Your task. From the material below, please set down exactly the lines starting with the one with "At the top of" and going on through the one with "Hello everyone, welcome to my", without a single picture.

Data.
☆ ☆ ☆ ☆ ☆

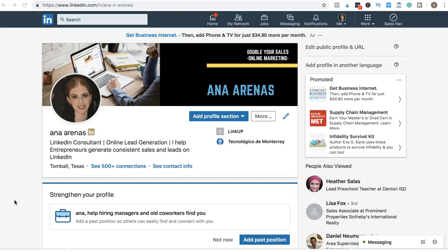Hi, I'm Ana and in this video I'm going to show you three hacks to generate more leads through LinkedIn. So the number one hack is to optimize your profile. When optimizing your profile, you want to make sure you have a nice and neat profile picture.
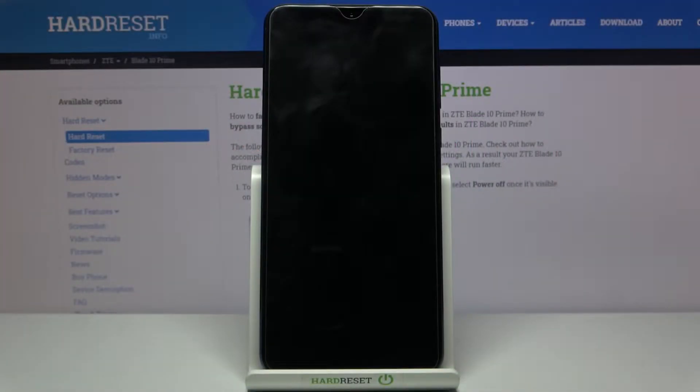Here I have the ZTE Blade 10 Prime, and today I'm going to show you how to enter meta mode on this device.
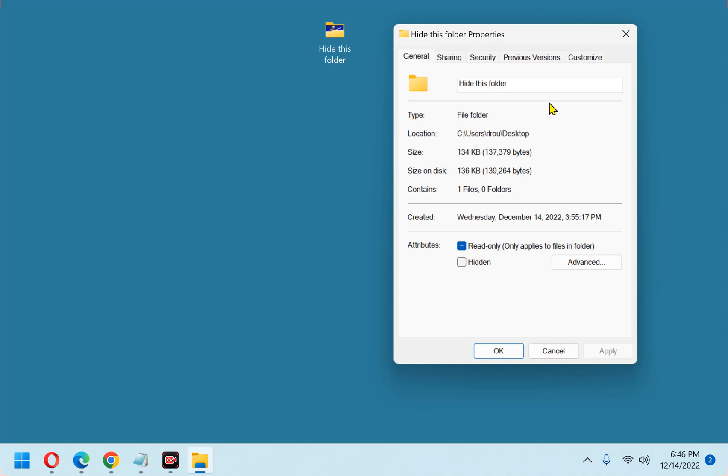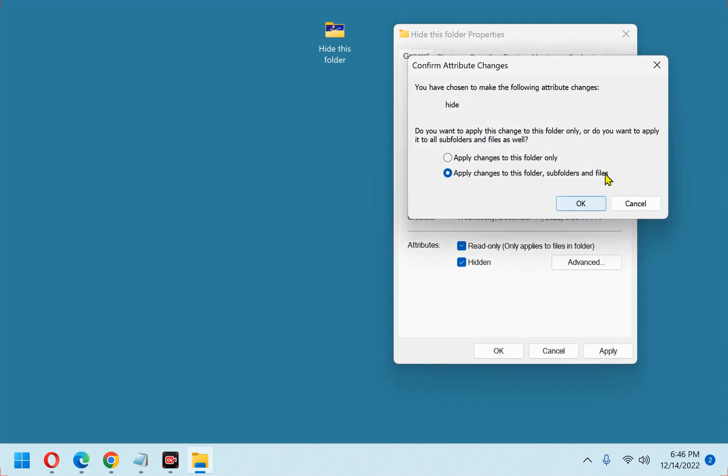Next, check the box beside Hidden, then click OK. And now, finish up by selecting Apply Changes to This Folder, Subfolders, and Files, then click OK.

☆ ☆ ☆ ☆ ☆

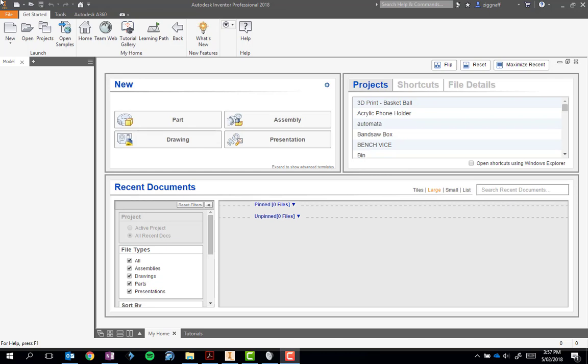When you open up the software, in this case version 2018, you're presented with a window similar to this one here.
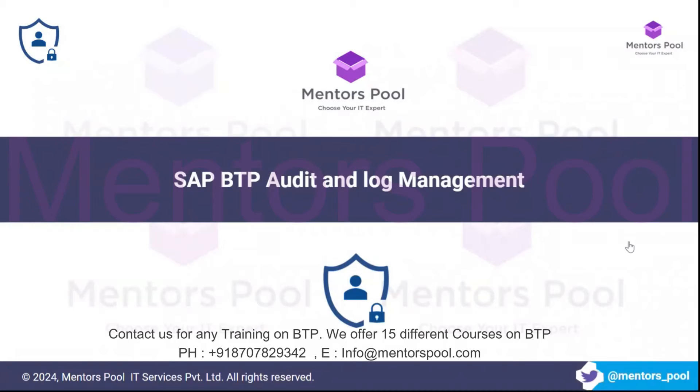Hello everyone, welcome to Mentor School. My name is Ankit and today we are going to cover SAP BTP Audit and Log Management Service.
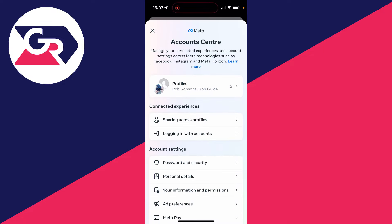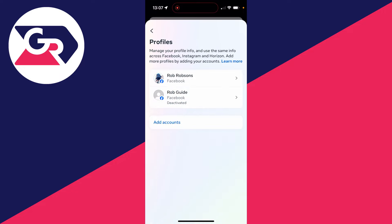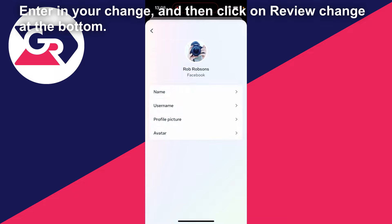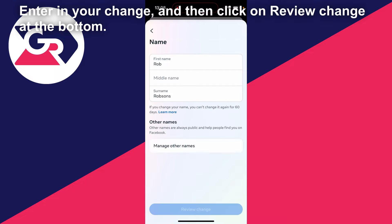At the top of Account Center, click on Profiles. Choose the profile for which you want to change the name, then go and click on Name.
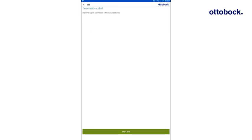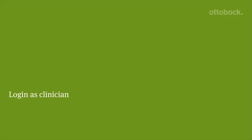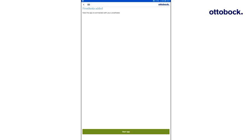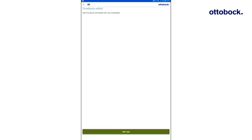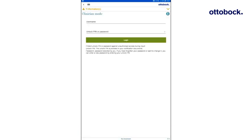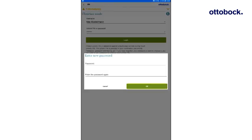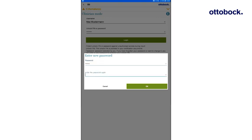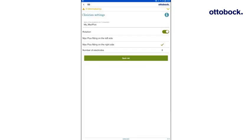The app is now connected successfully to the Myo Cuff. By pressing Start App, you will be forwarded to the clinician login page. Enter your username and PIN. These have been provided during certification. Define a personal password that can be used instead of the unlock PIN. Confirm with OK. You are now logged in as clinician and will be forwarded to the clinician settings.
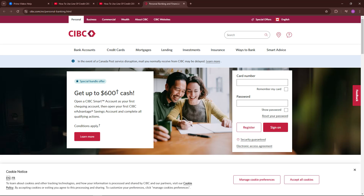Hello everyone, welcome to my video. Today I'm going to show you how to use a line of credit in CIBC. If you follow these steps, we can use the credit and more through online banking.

☆ ☆ ☆ ☆ ☆

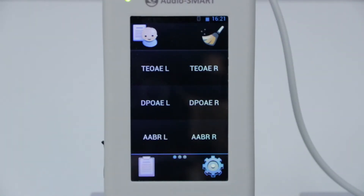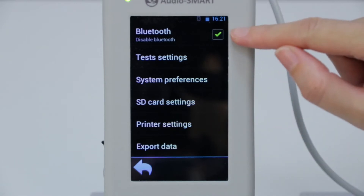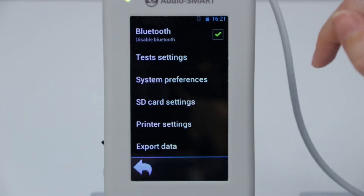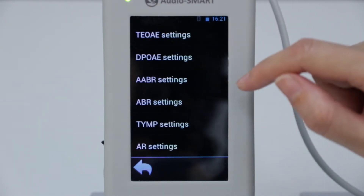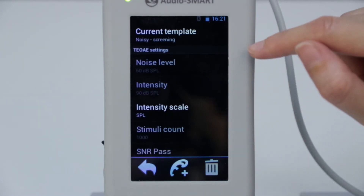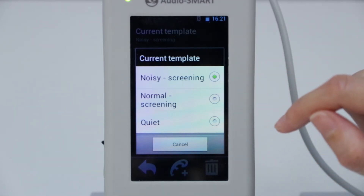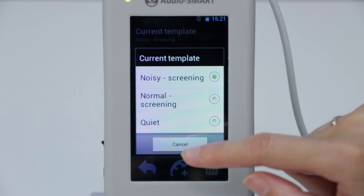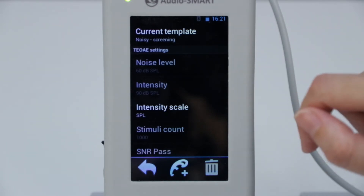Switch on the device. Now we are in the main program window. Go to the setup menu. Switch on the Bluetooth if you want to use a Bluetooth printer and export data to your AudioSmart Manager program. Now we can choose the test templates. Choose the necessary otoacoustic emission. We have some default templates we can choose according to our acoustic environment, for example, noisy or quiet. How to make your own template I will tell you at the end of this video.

☆ ☆ ☆ ☆ ☆

Result of this exercise.
At the top of Account Center, click on Profiles. Choose the profile for which you want to change the name, then go and click on Name.
The app is now connected successfully to the Myo Cuff. By pressing Start App, you will be forwarded to the clinician login page. Enter your username and PIN. These have been provided during certification. Define a personal password that can be used instead of the unlock PIN. Confirm with OK. You are now logged in as clinician and will be forwarded to the clinician settings.
Hello everyone, welcome to my video. Today I'm going to show you how to use a line of credit in CIBC. If you follow these steps, we can use the credit and more through online banking.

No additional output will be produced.